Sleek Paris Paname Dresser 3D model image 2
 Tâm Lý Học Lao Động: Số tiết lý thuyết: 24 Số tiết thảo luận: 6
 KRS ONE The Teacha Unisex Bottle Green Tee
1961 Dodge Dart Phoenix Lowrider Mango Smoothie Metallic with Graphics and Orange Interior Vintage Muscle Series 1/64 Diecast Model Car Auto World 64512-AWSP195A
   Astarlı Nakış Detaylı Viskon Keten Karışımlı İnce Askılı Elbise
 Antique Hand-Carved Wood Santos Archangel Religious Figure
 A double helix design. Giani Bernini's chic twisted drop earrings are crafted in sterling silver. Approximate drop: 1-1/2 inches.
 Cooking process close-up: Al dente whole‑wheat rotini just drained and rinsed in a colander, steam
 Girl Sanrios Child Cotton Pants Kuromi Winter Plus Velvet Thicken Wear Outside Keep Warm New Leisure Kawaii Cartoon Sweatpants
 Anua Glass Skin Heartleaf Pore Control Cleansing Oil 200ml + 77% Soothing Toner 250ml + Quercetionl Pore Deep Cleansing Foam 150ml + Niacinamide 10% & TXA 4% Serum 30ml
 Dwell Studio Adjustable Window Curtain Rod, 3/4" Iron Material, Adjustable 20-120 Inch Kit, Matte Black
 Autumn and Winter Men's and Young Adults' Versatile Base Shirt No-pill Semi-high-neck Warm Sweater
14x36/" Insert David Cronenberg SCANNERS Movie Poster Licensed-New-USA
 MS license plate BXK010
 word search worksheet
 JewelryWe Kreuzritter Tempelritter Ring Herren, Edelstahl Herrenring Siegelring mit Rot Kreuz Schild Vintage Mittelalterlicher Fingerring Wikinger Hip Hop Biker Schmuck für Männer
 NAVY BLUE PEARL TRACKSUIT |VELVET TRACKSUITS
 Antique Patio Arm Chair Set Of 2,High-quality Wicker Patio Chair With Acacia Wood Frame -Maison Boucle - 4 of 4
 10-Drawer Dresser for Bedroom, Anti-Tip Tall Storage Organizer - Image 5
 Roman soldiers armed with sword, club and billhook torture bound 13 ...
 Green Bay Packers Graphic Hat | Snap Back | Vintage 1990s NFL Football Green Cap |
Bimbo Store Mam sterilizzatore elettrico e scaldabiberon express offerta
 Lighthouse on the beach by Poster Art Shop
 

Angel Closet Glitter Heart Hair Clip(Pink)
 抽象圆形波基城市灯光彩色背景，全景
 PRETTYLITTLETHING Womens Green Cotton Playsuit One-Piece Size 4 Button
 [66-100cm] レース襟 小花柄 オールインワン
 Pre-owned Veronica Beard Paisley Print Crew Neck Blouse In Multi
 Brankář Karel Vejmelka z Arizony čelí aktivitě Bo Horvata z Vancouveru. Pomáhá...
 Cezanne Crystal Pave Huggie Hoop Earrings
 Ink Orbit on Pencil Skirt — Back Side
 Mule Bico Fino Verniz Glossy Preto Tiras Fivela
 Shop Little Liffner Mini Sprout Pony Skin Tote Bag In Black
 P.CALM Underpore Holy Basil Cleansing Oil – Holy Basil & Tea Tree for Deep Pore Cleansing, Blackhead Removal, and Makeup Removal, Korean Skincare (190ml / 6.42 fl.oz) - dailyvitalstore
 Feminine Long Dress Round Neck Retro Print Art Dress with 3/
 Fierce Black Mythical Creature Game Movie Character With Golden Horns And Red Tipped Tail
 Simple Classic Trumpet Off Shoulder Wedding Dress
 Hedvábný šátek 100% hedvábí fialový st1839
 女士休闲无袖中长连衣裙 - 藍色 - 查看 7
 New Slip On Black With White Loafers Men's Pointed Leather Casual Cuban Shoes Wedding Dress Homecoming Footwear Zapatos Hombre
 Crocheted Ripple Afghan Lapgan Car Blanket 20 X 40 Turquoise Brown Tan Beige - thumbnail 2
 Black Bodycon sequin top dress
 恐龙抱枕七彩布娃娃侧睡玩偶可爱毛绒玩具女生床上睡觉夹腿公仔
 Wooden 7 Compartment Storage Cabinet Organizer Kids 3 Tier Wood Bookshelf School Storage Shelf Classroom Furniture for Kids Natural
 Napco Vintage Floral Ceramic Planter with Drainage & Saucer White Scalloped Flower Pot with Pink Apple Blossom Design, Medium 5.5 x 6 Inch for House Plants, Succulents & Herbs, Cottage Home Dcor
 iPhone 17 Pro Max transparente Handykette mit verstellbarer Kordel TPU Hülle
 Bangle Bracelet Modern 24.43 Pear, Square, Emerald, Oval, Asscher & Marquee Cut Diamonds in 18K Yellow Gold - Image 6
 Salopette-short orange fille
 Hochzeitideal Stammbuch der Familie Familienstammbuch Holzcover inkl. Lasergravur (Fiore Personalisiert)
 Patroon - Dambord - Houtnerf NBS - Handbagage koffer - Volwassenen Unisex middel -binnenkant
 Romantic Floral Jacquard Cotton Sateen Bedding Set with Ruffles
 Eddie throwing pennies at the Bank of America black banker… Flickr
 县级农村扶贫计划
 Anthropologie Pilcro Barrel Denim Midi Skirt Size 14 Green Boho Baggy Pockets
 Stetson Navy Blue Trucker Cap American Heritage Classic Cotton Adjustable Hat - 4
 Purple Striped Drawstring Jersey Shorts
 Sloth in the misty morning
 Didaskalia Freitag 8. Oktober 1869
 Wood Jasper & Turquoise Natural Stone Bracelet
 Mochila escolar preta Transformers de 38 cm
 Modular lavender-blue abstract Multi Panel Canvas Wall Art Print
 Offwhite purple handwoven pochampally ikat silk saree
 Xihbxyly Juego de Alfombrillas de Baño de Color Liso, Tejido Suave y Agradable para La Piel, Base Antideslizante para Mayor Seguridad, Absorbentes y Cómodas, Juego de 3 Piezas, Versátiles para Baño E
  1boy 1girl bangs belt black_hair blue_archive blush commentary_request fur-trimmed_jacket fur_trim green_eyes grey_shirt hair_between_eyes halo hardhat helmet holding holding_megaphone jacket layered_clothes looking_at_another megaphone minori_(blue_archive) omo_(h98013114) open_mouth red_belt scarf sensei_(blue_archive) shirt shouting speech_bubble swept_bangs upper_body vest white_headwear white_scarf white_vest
________________
» What the exercise asks: Transcribe the lines from the first line of the records through the line that contains "Antique Hand-Carved Wood", both included, and add nothing else.

» Exercise solution:
Sleek Paris Paname Dresser 3D model image 2
 Tâm Lý Học Lao Động: Số tiết lý thuyết: 24 Số tiết thảo luận: 6
 KRS ONE The Teacha Unisex Bottle Green Tee
1961 Dodge Dart Phoenix Lowrider Mango Smoothie Metallic with Graphics and Orange Interior Vintage Muscle Series 1/64 Diecast Model Car Auto World 64512-AWSP195A
   Astarlı Nakış Detaylı Viskon Keten Karışımlı İnce Askılı Elbise
 Antique Hand-Carved Wood Santos Archangel Religious Figure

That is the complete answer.